En fait, devant la recrudescence des navires anglais, Surcouf déroute dès le 8 octobre son bateau de sa trajectoire initiale. Il fait contresigner par l’ensemble de son équipage un procès verbal, né d’une concertation entre Surcouf et ses hommes, où la décision est prise d’un commun accord d’assurer la ‘défense’ de la mer face aux bateaux anglais.
Dérouté pour sa sécurité vers l’est du Golfe du Bengale (Bangladesh) jusqu’au sud de la Malaisie, l’Émilie doit y faire cargaison de marchandises. Et prévoir … de défendre sa cargaison à l’aide des quelques canons dont le bateau disposait.
Fort de cette « défense », Surcouf arraisonne le 18 décembre 1795 un brick anglais le Peguan dans le delta de l’Irrawady situé au sud de la Birmanie.
Puis, en allant vers l’embouchure du Gange, Surcouf prend le 10 janvier 1796 le Sambolass, un bateau américain et le 15 janvier un schooner, le Russel, puis enfin le 21 janvier un brick-pilote du Gange : le Cartier. Plus performant que l’ Émilie, dès sa prise Surcouf s’y installe avec 23 hommes et 4 canons, confiant le soin à un de ses seconds de ramener l’Émilie à l’Isle de France (île Maurice), navire qui arrivera à bon port le 15 mars 1796.

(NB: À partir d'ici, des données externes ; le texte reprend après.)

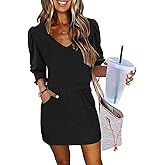 ETCYY NEW Summer Dresses for Women Dressy Casual 3/4 Length Sleeve Womens Fall Dress with Smocked Cuffs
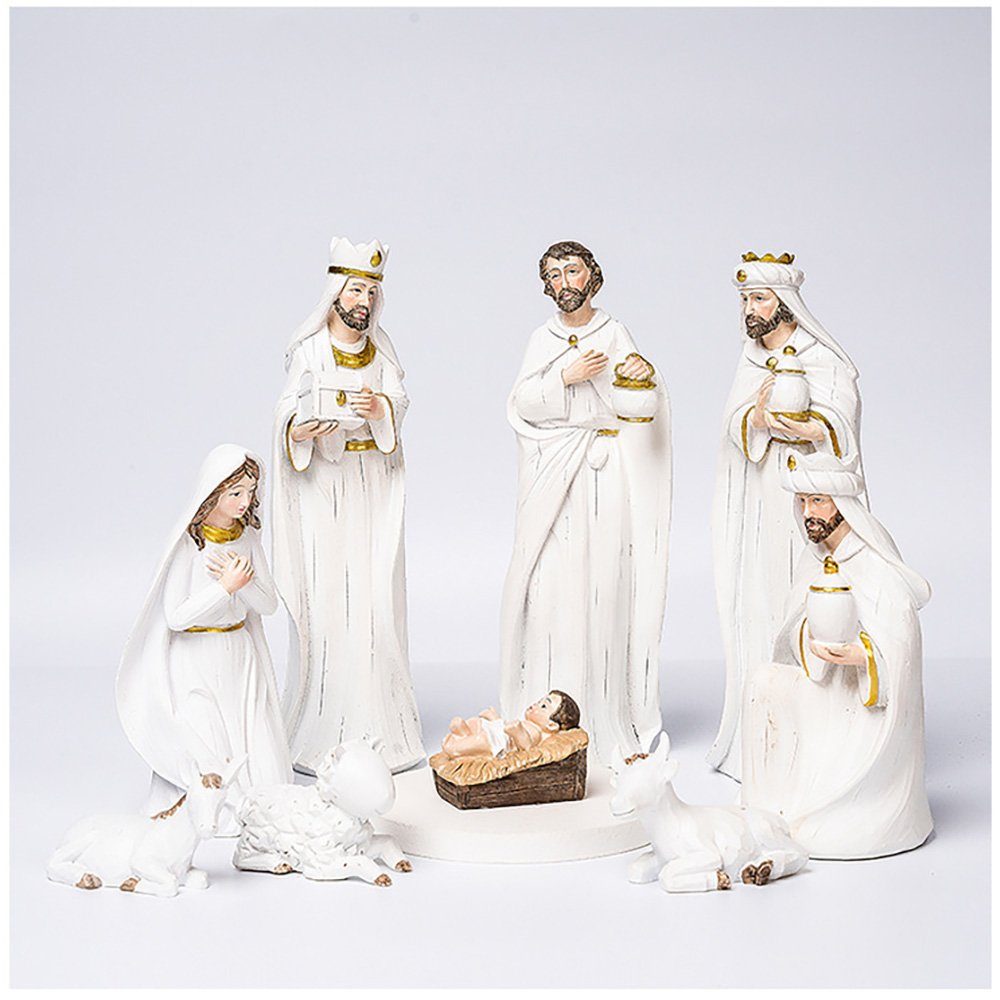 Fanci Home Weihnachtsfigur Weihnachtskrippe W4 (Weihnachtsdeko, 9 St., ca. 19cm Krippenzubehör aus Harz), Handbemalte Krippe heilige Familie Advent Dekoration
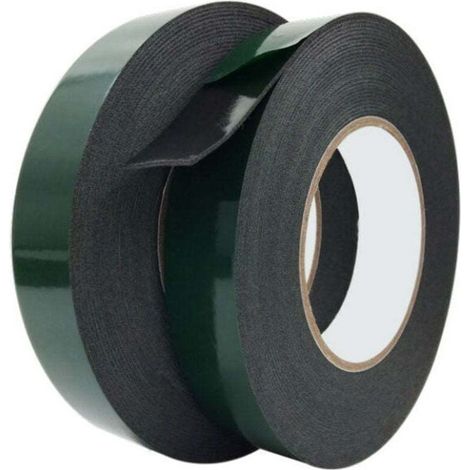 Nastro biadesivo extra forte, 2 rotoli di potente nastro biadesivo in schiuma per un montaggio durevole, adatto per l'industria automobilistica e per le modanature (20 mm x 10 m) -Crezuo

Sans tarder, dès le 28 janvier 1796, Surcouf « inaugure » son nouveau navire par la prise d’un brick américain, la Diana, après un bref combat. Surcouf et son équipage se comportent en gentlemen et traitent l’équipage, passagères et passagers avec un respect qui surprend les Américains.
Le 29 janvier 1796, le Cartier croise un navire marchand des Indes de 1000 tonneaux, le Triton. Avec Surcouf, ils ne sont que 19 hommes et 4 canons à bord face à 150 hommes et 26 canons. Surcouf, déguisé sous pavillon anglais, s’approche du navire et envoie le pavillon français juste avant l’abordage. Les officiers anglais sont rapidement tués, désorganisant l’équipage, qui se rend après une résistance brève mais violente. 150 hommes face à 19 !
La légende Surcouf est déjà là. Surcouf est à la tête de trois navires, le Cartier, la Diana et le Triton, et il n’a … que 23 ans ! Surcouf a déjà pris six bateaux… Il en prendra 44 en 7 ans et demi, entre 1795 et 1801, puis en 1807 et en 1808…
Chacun des voyages de Surcouf sera une école de la vie et de la mer à grande vitesse, où au-delà des cordages, des voiles, des relations humaines et des grands océans, Surcouf gardera les yeux vifs, grands ouverts, tourné vers les aventures et n’ayant peur de rien.
Et non seulement Surcouf naviguera les mers bravant tous les dangers, mais il formera nombre de valeureux marins autour de lui avant de devenir, à la fin de sa vie, l’un des plus riches et des plus puissants armateurs de Saint-Malo, doublé d’un prospère propriétaire terrien de 800 hectares.